Everytime i brake, my brakes squeak. I still have plenty of pad left, and brakes are in good condition. I heard that if dust gets on the pad then it will make that sound. anyone no how i can clean the brakes or get rid of that squeak??


----------



## new94 (Jan 9, 2004)

Man i've tried everything, i have brand new rotor's and pads and still it sound's like a cab or bus coming to a stop sooo annoying! I've also tried putting that anti squeal or whatever you wanna call it on the backside of my pad's to stop vibration's that may cause the squeal, the point is i can't help you but i feel your pain!(In the ear's)lol


----------



## chimmike (Oct 17, 2002)

there is a suspension and brakes forum on this website.........you people need to learn how to scroll down and find stuff once in a while.


----------



## ReVerm (Jan 13, 2003)

ryan7o7 said:


> Everytime i brake, my brakes squeak. I still have plenty of pad left, and brakes are in good condition. I heard that if dust gets on the pad then it will make that sound. anyone no how i can clean the brakes or get rid of that squeak??

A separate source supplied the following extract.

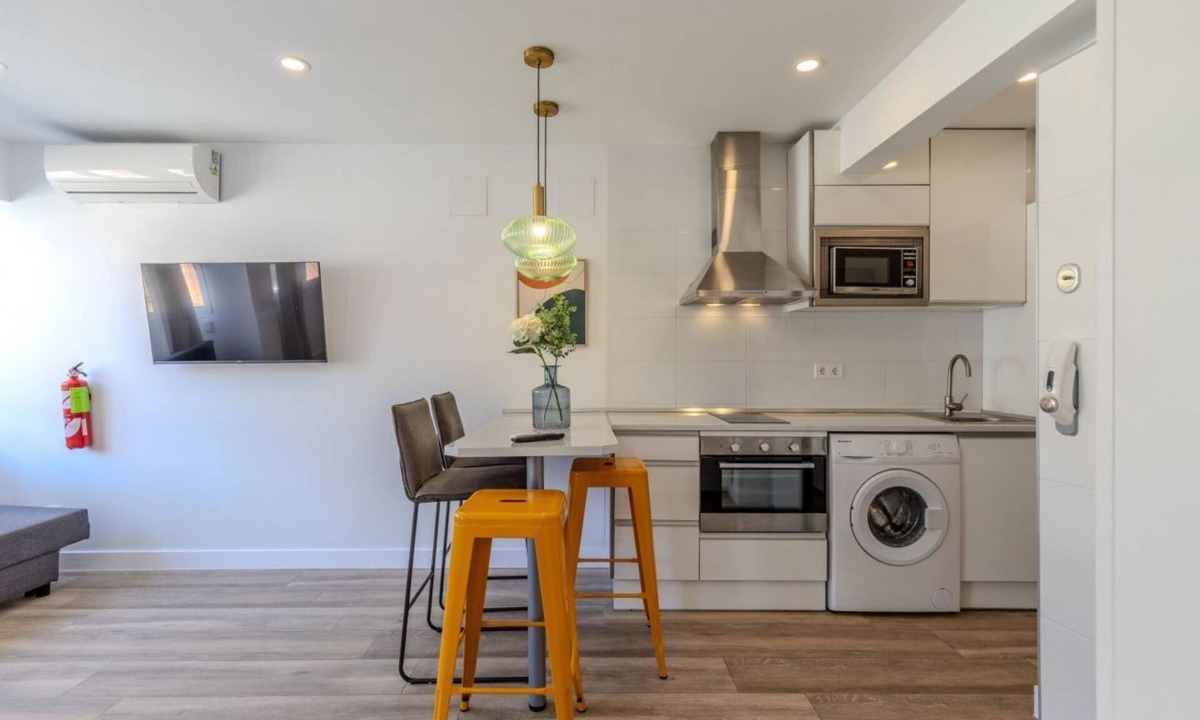 Carabanchel Apartment | Bright and Fantastic Studio - Apartment Puerta Toledo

Dust normally won't cause much noise unless it's there in clumps. In order to clean that off you're going to have to take the pads off and go over them with a really worn hacksaw blade (where the teeth aren't sharp any more) and shave it off (rarely necessary, because there isn't much room to get stuff stuck between the pad and the rotor on a floating caliper car). Oh, and it's a good idea to spray down the rotor with brake cleaner too.

There are a lot of reasons for your brakes squeaking though. If your brake compound is too hard, they will squeak until they're up to operating temperature. If the pads aren't being pushed against the rotor with enough force (too much initial travel, lack of spacers, or brake balance issues), they'll squeak. If you have pad shims on one caliper and not on the other, the one without will squeak. You're going to have to go through a lot of trial and error to figure out what's really causing the squeak though. 

Have fun : P.


----------